Most expert foragers are notorious for refusing to share their favorite places to forage. So even if you have a community of foragers behind you, there’s a strong chance you’ll have to stake out your own spots. But there are ways to identify where mushrooms are growing if you’re passing through an unfamiliar area. One thing you can do is simply follow other foragers online and see what they’re harvesting at any given time of year, then go on iNaturalist and track down where other people have stumbled across that particular mushroom. But a some light detective work will usually get you to where you need to go, even without the help of an app.

“The best thing to do is to figure out what [a mushroom’s] habitat is,” he explains. “Mushrooms usually grow in association with a tree or in other plants. Plants usually grow in a place that has certain minerals in the soil, or water, or certain elevation. A couple Google searches will tell you all that information. Then you can drive right to where the mushrooms are. For instance, chanterelles like to be in an oak forest. So if you can find somewhere on your map where there’s big oak forest and then hike around in there, you’re probably going to find chanterelles. It doesn’t matter if you know where the spot is or not.”

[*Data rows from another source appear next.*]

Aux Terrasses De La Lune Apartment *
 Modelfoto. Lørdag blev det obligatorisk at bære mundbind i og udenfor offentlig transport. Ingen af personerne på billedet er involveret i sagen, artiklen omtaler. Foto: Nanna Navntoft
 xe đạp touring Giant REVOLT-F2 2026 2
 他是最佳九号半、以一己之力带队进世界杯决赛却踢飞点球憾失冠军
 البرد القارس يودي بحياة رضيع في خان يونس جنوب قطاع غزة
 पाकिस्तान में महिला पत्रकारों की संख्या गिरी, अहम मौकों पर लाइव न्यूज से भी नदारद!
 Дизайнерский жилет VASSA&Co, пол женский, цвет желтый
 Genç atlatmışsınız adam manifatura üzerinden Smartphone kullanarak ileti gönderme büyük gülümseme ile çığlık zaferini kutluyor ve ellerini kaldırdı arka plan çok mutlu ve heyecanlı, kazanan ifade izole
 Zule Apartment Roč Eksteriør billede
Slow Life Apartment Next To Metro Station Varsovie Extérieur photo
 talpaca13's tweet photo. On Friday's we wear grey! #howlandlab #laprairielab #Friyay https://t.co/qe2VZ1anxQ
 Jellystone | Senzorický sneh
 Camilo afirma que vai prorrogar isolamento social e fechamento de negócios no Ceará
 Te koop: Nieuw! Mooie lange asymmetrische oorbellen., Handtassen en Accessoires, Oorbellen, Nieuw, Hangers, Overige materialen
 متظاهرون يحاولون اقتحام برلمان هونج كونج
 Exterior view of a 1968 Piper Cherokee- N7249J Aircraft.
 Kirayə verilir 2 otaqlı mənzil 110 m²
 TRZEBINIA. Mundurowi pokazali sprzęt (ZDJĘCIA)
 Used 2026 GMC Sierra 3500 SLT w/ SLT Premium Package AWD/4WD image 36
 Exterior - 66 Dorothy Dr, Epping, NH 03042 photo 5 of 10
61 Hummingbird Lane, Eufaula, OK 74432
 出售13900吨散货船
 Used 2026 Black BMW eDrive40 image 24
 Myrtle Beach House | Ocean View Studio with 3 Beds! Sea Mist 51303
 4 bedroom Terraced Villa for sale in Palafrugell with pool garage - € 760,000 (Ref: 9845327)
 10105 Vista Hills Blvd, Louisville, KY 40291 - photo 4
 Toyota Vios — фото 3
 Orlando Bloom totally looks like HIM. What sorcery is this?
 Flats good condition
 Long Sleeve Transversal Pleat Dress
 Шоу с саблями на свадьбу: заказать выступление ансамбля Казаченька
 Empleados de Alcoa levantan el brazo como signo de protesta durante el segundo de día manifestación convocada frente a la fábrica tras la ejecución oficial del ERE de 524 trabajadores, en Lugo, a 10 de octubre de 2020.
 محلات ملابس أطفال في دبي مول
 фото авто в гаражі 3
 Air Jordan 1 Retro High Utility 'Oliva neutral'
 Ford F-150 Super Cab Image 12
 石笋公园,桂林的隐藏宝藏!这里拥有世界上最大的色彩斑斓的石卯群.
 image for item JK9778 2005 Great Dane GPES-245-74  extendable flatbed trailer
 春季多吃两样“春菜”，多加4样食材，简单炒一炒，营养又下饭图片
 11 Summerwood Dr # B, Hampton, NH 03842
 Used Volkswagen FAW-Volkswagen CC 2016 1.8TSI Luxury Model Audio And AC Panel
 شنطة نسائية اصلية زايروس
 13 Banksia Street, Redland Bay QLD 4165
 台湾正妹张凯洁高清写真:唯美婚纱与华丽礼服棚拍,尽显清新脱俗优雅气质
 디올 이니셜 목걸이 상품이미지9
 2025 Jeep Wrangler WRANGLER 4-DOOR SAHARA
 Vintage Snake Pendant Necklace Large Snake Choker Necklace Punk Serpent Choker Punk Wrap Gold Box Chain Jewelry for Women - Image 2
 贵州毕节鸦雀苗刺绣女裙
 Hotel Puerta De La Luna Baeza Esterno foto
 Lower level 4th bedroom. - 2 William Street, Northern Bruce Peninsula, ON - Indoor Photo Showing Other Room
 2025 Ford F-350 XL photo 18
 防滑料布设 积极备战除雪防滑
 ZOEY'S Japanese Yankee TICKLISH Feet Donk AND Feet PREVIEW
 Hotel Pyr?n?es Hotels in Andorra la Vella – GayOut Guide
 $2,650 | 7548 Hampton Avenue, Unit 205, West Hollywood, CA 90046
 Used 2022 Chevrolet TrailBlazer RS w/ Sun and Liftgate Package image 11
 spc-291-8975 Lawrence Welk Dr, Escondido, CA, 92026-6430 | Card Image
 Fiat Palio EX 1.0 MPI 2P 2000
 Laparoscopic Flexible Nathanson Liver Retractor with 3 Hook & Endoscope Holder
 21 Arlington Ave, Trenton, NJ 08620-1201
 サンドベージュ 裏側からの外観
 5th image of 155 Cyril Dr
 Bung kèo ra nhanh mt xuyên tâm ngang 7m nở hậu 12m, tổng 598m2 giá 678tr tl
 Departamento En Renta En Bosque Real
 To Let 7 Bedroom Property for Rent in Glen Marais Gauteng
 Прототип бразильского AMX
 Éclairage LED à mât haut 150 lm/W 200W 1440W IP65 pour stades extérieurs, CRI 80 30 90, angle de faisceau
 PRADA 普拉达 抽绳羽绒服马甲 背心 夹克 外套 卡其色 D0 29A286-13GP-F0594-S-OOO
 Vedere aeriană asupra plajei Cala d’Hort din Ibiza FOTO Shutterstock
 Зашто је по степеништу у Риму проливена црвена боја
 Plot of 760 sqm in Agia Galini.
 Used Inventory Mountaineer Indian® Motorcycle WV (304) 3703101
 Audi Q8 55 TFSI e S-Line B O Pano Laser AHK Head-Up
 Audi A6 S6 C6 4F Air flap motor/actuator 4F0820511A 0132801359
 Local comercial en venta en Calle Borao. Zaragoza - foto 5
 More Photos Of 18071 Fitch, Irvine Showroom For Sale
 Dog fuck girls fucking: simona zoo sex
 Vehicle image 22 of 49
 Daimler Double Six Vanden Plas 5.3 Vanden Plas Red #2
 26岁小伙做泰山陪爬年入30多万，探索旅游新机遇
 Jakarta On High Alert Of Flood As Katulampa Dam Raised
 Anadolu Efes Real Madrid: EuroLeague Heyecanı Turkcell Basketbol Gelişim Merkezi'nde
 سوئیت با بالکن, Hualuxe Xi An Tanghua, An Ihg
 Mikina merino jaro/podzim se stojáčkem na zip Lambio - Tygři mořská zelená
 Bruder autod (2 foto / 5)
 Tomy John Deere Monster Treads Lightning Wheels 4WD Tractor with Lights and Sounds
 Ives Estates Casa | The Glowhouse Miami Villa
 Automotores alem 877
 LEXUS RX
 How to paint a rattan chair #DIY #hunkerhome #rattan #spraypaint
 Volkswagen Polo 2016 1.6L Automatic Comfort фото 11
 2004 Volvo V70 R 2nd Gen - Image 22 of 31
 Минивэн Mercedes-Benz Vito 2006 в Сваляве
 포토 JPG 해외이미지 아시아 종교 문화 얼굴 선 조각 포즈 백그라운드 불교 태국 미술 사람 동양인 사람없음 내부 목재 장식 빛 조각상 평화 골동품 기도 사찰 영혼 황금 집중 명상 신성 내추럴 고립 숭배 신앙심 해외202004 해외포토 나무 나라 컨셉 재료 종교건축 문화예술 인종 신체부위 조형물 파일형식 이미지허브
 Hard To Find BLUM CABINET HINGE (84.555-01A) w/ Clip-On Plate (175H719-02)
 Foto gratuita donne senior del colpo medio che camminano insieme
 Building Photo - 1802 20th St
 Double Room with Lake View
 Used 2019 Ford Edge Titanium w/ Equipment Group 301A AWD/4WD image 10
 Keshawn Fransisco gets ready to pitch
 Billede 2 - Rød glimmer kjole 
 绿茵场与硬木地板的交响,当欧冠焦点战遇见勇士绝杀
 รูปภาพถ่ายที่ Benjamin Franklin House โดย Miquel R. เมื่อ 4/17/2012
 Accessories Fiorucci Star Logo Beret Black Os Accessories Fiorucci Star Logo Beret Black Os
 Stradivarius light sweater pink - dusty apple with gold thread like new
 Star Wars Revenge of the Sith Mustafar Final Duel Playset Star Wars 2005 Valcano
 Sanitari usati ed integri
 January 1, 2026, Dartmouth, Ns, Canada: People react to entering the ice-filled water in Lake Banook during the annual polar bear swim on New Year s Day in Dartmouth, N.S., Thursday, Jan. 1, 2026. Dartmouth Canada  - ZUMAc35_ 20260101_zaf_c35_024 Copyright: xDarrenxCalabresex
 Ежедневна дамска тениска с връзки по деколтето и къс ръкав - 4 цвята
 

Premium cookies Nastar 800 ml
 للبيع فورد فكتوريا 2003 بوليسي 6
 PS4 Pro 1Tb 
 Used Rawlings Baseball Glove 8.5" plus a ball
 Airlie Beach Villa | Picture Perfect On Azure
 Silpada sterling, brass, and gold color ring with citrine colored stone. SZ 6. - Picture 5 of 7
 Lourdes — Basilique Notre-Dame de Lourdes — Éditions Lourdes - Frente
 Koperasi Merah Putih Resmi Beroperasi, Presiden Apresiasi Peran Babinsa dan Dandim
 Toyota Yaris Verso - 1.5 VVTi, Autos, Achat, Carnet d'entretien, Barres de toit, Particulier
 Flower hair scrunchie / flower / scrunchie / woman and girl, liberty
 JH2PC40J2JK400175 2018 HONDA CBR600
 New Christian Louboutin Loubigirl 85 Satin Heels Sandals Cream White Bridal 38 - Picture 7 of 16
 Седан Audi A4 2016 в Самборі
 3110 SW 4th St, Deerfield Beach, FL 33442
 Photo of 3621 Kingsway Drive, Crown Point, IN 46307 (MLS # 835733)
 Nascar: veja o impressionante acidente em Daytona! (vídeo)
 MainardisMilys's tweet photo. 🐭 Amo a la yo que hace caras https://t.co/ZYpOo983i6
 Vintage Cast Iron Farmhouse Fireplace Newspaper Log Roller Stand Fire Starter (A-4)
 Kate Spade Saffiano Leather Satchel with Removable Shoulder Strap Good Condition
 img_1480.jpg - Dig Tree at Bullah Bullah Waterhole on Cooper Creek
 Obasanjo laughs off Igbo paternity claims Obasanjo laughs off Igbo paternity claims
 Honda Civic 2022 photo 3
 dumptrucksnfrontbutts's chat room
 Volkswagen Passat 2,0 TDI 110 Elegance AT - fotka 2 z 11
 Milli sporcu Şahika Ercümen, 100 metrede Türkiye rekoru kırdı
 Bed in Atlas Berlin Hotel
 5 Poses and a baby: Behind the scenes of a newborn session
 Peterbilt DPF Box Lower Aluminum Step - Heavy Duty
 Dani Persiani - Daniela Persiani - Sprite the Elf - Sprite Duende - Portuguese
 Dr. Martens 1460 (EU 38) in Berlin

4. Don’t try to learn the name of every mushroom on the planet

Padilla-Brown says that it can be easy to get overwhelmed with the thousands of mushroom species out there. He recommends considering general types of mushrooms that are edible and that can be found all over the US rather than trying to memorize the name and appearance of every species of mushroom on Earth. Two examples that Padilla-Brown mentions are oyster mushrooms and Lion’s Mane mushrooms. There are many different species of these, but they are edible and can be found all over the country. Once you can recognize those mushrooms in one place, you can recognize them anywhere.

Lion's Mane mushroom on oak tree in the autumn forest. ( Hericium erinaceus )

Photo: IgorCheri/Shutterstock

“I think a lot of people have this idea that they are just going to go out in the wild and there’s going be lots of different mushrooms, and they just have to figure out what ones are edible out of all the different kinds that they see,” he says. “But every place that you’re in, for every time of year, there’s a type of mushroom that is edible that you want to get. For instance, it’s August in New Mexico, porcini is the mushroom that is out there, so I’m not I’m not looking for anything else.”

5. Don’t be afraid of nature

“I think that some people, once they start interacting with nature, they feel like they can’t touch it. But don’t worry, nature is abundant. It’s consistently producing more and more,” says Padilla-Brown. “So don’t stress, nature’s forgiving and nature wants you to play around and make mistakes and learn from it. So happy foraging.”